I arrived at Enid Lashley's
Santa Cruz home after darkness had fallen and the frogs had
begun their hollow, haunting back and forth. Immediately I
regretted the late call. Because I couldn't experience the
full impact of her professionally tended garden. Her house
occupies one lot. Her passion for horticulture takes up another.
She prides herself on having successfully nurtured plants
that aren't even meant for the tropics. (Of all things there's
a pot of lush, glossy holly in the driveway.) A rustic, wooden
potting shed sits at one end of the yard. A storeroom is at
the other. And I'm told there's an anthurium shed behind the
mango tree.
The erect, agile 83-year-old says gardening is her only exercise.
This along with the jet black pony tail and waxed brows make
it difficult to believe that she had already retired when
she started the flower arranging group at the Horticultural
Society two decades ago. (She worked at the Ministry of Works
for almost 40 years and was the first woman head of a division
when she left). I'd have liked to discuss the early "struggle"

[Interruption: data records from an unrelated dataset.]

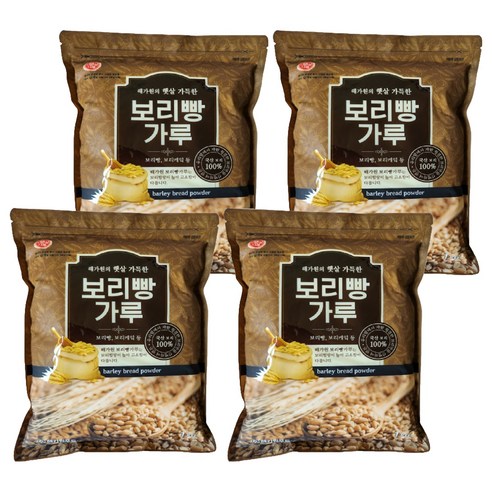 햇살나래 보리빵가루, 1kg, 4개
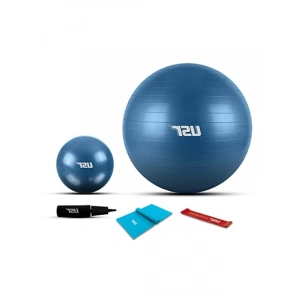 20+55 cm Pilates Topu, Pompa ve 2 Lastik Seti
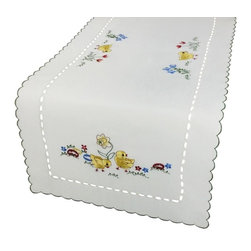 Xia Home Fashions - Easter Egg Hunt Table Runner - Table Runners
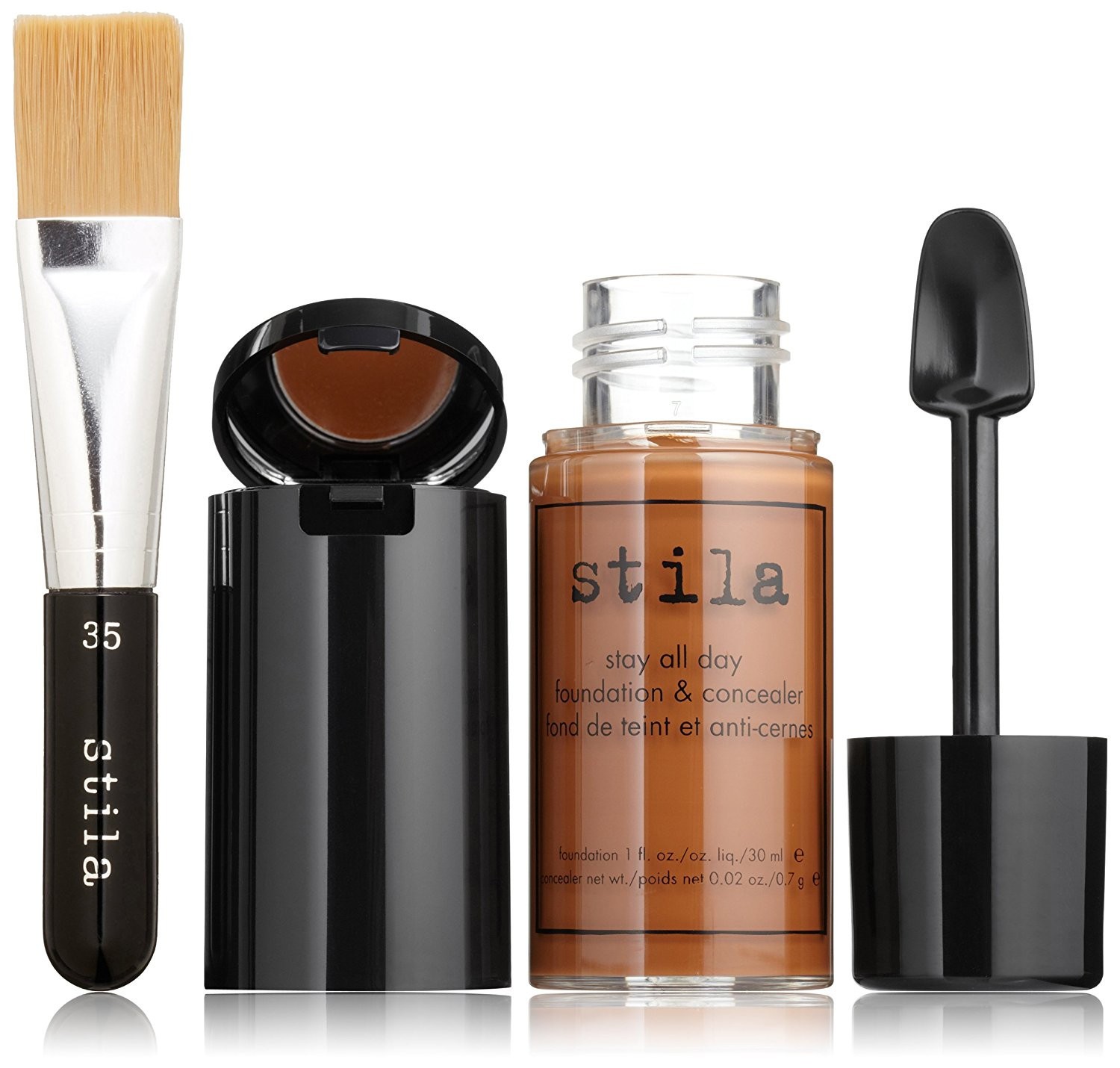 Stila Stay All Day Foundation Concealer & Brush Kit “16 COCOA” NEW IN BOX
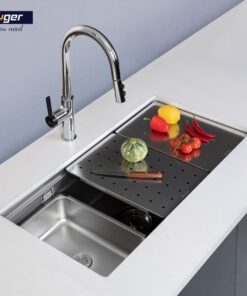 Ảnh thực tế chậu rửa bát 1 hố Kluger KWU8161FS-S86 Plus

of women in management positions in Trinidad and Tobago's
public sector. But Lashley wasn't having it. She's spent her
day cutting flowers from her garden for sale at the Society's
Lady Chancellor Hill Flower Market and making notes for our
interview. The flower arranging group will commemorate its
20th anniversary next week. And that's what I was there to
talk about, she reminded.
"January 1988," she starts. "We asked what
groups people would be interested in joining. 14 wanted to
do flower arranging." By then she had already been a
member of the Society for 16 years. The idea of composing
centerpieces or decorating church halls caught her fancy,
but, really, horticulture was her thing. Yet she dove into
the task of organising and inspiring the group. Pearl Clarke
Alfred (Lashley is particular about every single name, every
single date) offered basic tuition to a small group for a
few months. Then Lorraine Mahabal and Laurel Mc Dowel took
over. A core group learned the basics. Attracting advanced
trainers and increased participation was more difficult. There
was a shaky start in which the group tried everything from
sessions on arrangements for bridal parties to competitions
with attractive prizes to generate enthusiasm.

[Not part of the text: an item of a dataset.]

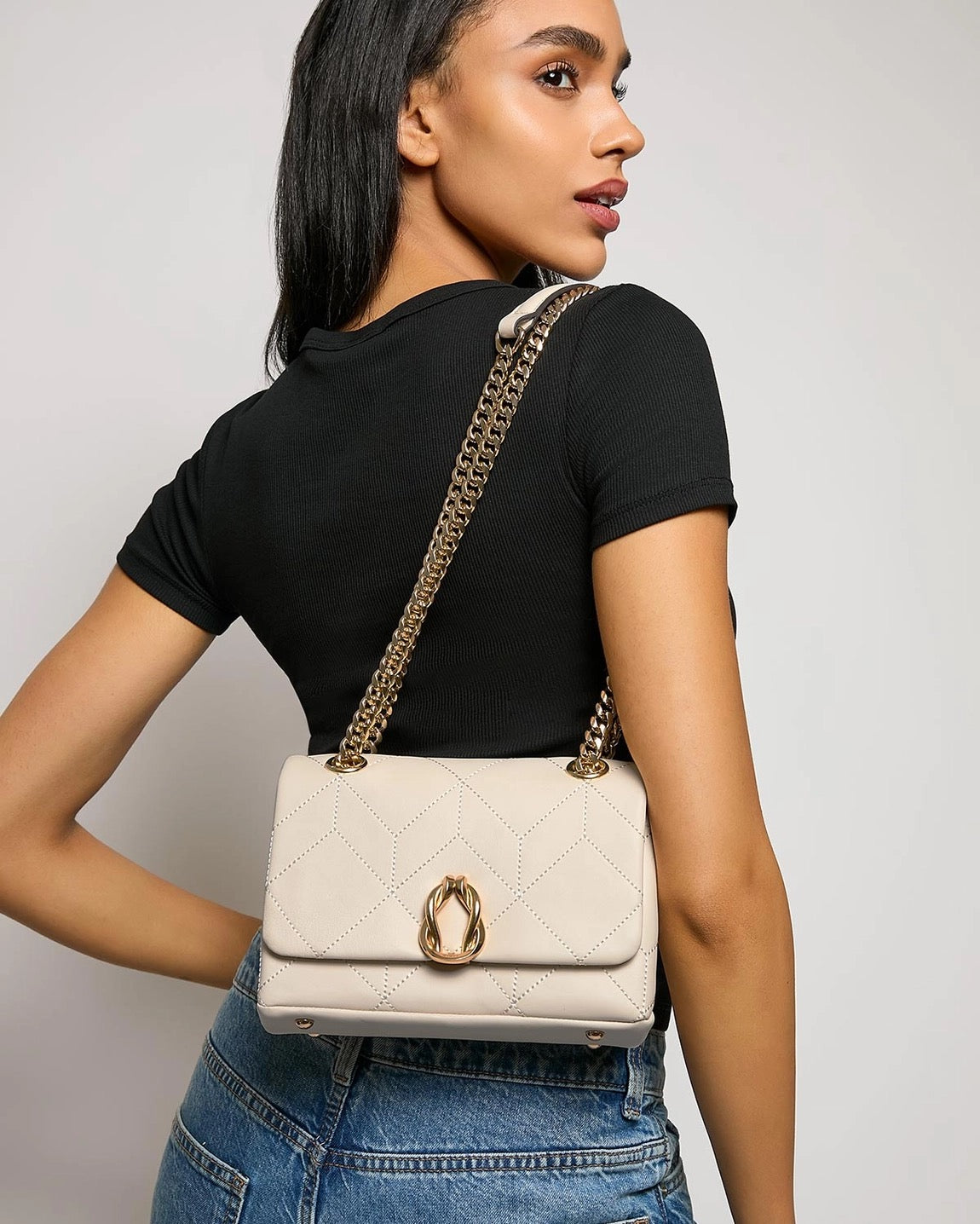 Unity Small Shoulder Bag Cream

"In the meantime I wasn't wasting time," Lashley
said. She bought book after book by English authors. The wastelands
left by World War II bombings inspired a renewed interest
in nature and beauty in London. And the interest in flower
arranging was revived. Arrangers wrote. And Lashley read.

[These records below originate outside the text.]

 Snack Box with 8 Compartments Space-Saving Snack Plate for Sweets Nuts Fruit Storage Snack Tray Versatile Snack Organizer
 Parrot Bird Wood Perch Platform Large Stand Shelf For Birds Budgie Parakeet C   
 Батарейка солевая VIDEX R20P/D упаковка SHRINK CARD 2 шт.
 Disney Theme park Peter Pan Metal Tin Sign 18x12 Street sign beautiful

Voraciously. The glimpses that these pages offered opened
a whole new world of possibility in terms of ideas and networking.
In fact a turning point came in 1990 when a friend handed
her a copy of the magazine The Flower Arranger.
"When I opened the book and saw what was happening all
over the world I was amazed that they had moved away from
the methods of the forties. People were shocked to see wood
in flower arranging, fruits and vegetables and so on. It was
like you're going down one road all the time and you turn
a corner and saw all these things you didn't see before. I
promptly started to subscribe and to move the girls forward."
She's as excited about this as a fashionista is about the
latest Cosmo: "The point is," she says, "these
books tell you what's going to happen from month to month."